:: WHAT THE TASK REQUIRES ::
Below is a listing. Set down exactly the lines from the one containing "Women's Relaxed fit Shirt in Floral White" through the one containing "Taurillon Alpha Wearable Wallet Black", both ends included, and leave out the rest.

:: PROVIDED DATA ::
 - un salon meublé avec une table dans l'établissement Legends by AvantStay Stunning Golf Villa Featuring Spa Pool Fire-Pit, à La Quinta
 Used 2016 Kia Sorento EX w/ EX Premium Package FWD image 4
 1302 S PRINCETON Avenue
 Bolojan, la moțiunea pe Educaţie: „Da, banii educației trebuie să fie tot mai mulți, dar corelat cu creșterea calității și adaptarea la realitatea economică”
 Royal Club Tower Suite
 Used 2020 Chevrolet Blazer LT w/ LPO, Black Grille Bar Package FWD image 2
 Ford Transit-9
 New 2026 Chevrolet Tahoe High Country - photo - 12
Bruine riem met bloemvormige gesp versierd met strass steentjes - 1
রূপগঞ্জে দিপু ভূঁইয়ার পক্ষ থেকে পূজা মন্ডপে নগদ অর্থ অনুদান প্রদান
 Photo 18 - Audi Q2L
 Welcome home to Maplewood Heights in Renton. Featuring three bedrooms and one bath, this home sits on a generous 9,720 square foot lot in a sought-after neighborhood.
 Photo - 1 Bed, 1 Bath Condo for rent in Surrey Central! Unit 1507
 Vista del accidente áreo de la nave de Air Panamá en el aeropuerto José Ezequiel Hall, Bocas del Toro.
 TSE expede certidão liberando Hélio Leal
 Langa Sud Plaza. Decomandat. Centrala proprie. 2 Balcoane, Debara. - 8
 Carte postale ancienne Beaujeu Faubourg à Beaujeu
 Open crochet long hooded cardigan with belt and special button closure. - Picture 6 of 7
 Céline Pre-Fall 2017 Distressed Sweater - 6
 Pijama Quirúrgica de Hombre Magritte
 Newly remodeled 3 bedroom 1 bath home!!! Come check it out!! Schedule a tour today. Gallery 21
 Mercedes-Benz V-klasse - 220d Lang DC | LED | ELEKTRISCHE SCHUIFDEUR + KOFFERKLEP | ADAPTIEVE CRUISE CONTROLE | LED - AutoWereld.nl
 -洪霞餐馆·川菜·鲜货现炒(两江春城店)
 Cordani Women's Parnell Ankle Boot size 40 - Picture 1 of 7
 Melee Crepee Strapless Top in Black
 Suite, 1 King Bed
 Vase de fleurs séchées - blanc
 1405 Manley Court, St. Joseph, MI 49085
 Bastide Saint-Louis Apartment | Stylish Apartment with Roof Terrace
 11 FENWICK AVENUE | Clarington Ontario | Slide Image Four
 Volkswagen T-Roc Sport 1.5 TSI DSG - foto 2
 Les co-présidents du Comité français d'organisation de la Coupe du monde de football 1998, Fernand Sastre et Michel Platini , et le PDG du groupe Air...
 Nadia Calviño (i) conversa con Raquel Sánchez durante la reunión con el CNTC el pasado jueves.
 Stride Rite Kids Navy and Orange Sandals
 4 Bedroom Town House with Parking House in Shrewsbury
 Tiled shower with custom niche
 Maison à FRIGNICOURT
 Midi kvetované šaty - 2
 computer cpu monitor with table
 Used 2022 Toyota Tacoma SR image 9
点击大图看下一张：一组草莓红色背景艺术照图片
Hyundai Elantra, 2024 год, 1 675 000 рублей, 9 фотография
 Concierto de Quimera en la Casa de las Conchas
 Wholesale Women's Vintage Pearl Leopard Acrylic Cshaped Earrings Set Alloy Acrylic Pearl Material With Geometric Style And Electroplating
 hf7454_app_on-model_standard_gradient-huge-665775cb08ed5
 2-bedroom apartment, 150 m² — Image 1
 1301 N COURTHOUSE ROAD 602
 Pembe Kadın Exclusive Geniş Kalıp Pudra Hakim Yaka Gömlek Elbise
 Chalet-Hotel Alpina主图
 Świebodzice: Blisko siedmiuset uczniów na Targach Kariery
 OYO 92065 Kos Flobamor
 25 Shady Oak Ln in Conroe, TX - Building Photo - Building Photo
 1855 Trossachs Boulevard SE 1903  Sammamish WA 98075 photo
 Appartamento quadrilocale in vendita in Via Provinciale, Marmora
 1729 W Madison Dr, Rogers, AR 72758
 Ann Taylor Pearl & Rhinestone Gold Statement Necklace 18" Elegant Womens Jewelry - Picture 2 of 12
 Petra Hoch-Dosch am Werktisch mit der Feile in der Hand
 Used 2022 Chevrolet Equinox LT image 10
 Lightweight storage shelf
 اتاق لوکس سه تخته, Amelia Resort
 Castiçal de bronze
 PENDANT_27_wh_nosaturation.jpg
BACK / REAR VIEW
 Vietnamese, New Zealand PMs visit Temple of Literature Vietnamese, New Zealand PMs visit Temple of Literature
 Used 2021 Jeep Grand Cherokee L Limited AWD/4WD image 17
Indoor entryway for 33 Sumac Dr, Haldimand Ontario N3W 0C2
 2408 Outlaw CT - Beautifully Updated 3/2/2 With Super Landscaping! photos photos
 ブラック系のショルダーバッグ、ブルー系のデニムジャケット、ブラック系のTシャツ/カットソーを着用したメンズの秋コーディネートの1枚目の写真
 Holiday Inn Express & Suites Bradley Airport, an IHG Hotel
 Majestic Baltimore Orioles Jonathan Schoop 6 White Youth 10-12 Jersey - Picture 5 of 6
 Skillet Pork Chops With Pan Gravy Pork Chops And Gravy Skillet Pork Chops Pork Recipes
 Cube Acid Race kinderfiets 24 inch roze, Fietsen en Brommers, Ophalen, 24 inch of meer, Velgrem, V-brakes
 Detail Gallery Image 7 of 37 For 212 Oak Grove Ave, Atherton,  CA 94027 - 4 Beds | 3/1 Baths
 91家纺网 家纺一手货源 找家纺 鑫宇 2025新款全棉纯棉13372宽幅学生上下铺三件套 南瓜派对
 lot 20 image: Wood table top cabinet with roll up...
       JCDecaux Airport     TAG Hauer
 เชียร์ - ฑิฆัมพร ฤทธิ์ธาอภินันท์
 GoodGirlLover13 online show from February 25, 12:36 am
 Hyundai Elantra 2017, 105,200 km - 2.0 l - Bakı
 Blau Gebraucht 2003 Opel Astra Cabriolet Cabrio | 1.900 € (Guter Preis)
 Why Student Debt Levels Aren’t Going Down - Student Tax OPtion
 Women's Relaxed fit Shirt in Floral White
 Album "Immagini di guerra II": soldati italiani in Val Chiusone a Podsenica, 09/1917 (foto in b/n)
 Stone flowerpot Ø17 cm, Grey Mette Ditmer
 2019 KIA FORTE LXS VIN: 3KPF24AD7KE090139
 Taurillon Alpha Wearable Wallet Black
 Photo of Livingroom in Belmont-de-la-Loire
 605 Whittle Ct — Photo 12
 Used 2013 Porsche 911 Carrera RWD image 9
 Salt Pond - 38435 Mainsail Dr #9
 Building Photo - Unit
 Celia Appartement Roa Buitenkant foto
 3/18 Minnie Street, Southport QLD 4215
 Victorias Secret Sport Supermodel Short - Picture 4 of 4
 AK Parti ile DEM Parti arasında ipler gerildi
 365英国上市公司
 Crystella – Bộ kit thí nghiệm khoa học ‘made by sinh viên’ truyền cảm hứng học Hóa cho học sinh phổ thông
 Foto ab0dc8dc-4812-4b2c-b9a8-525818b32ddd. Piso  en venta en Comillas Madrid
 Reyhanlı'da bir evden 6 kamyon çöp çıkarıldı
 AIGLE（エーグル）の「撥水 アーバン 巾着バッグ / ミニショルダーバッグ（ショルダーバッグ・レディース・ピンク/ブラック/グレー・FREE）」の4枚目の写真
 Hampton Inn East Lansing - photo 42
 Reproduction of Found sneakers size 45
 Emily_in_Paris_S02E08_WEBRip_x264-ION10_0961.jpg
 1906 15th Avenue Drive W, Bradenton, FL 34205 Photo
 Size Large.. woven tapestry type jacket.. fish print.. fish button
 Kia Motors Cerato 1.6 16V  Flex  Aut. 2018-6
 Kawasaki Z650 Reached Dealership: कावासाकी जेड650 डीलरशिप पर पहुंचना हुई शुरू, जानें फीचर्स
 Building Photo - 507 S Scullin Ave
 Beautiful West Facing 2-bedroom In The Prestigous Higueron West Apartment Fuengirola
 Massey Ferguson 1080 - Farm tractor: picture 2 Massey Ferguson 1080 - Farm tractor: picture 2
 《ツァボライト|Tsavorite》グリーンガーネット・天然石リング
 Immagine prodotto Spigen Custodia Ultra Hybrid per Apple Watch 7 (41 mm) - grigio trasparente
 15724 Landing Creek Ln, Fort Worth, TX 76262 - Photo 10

:: TASK OUTPUT ::
 Women's Relaxed fit Shirt in Floral White
 Album "Immagini di guerra II": soldati italiani in Val Chiusone a Podsenica, 09/1917 (foto in b/n)
 Stone flowerpot Ø17 cm, Grey Mette Ditmer
 2019 KIA FORTE LXS VIN: 3KPF24AD7KE090139
 Taurillon Alpha Wearable Wallet Black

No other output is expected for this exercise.